Tanto o chefe do governo quanto seus auxiliares criticaram as acusações americanas. No início de junho, autoridades da gestão de Donald Trump propuseram que novas tarifas sejam impostas sobre produtos brasileiros vendidos no mercado dos EUA. Um dos motivos que justificariam a medida americana seria o desmatamento no Brasil.

O governo brasileiro divulgou que o sistema de monitoramento aponta para redução de 37,5% dos alertas de desmatamento na amazônia nos últimos dez meses.
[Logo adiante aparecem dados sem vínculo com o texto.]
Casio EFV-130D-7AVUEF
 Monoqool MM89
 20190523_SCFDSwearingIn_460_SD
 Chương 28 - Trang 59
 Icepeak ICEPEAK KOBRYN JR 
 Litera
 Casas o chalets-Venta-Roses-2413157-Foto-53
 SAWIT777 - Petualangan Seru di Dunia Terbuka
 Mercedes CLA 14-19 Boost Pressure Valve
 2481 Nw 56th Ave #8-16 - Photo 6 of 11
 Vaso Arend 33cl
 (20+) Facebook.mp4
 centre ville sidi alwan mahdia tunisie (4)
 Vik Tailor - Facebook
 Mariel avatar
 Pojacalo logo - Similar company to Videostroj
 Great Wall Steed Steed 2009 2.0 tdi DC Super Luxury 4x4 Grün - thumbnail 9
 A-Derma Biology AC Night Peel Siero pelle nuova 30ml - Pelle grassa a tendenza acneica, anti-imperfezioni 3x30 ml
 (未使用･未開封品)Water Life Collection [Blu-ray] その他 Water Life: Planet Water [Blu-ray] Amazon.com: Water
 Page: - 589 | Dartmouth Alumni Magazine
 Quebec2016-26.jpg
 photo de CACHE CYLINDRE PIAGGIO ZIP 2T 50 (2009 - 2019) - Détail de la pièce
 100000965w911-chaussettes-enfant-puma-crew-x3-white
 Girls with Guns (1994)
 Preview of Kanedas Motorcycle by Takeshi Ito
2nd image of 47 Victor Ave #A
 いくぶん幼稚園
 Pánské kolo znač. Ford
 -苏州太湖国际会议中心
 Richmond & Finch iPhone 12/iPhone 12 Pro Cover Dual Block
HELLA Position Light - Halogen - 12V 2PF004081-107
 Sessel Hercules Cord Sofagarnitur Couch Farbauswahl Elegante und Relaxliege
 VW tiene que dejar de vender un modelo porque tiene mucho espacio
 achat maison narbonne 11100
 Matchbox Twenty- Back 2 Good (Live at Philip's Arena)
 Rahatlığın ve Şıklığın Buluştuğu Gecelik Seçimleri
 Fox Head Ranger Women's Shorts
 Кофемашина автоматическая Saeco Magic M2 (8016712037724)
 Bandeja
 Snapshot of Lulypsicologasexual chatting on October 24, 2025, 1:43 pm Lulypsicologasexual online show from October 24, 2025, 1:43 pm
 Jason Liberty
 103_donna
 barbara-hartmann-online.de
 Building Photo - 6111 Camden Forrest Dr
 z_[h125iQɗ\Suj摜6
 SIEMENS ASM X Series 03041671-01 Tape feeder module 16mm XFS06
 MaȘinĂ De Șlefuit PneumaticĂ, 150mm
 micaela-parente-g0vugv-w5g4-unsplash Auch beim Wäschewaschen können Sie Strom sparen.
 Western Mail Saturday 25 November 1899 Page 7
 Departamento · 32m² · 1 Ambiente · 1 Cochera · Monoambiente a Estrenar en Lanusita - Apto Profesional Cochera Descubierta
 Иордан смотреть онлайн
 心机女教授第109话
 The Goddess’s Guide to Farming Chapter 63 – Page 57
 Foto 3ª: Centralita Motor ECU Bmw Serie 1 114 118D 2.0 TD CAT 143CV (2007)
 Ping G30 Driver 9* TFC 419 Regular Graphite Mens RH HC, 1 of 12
No caso do cerrado, a diminuição foi de 8,2%. A comparação é entre os períodos de agosto a maio terminados em 2025 e 2026.

No caso da amazônia, Lula e seus ministros mencionaram diversas vezes uma redução de 61,4% no desmatamento no mês de agosto de 2026 em comparação com o mesmo período de 2025. O número para o cerrado no mesmo período foi de redução de 12,2%.

Os números são do Deter, sistema usado pelo governo para monitorar desmatamento em tempo real e orientar ações de combate ao desmatamento enquanto ele acontece. Os dados consolidados da destruição de floresta são calculados pelo Prodes, um sistema mais preciso e atualizado com menor frequência.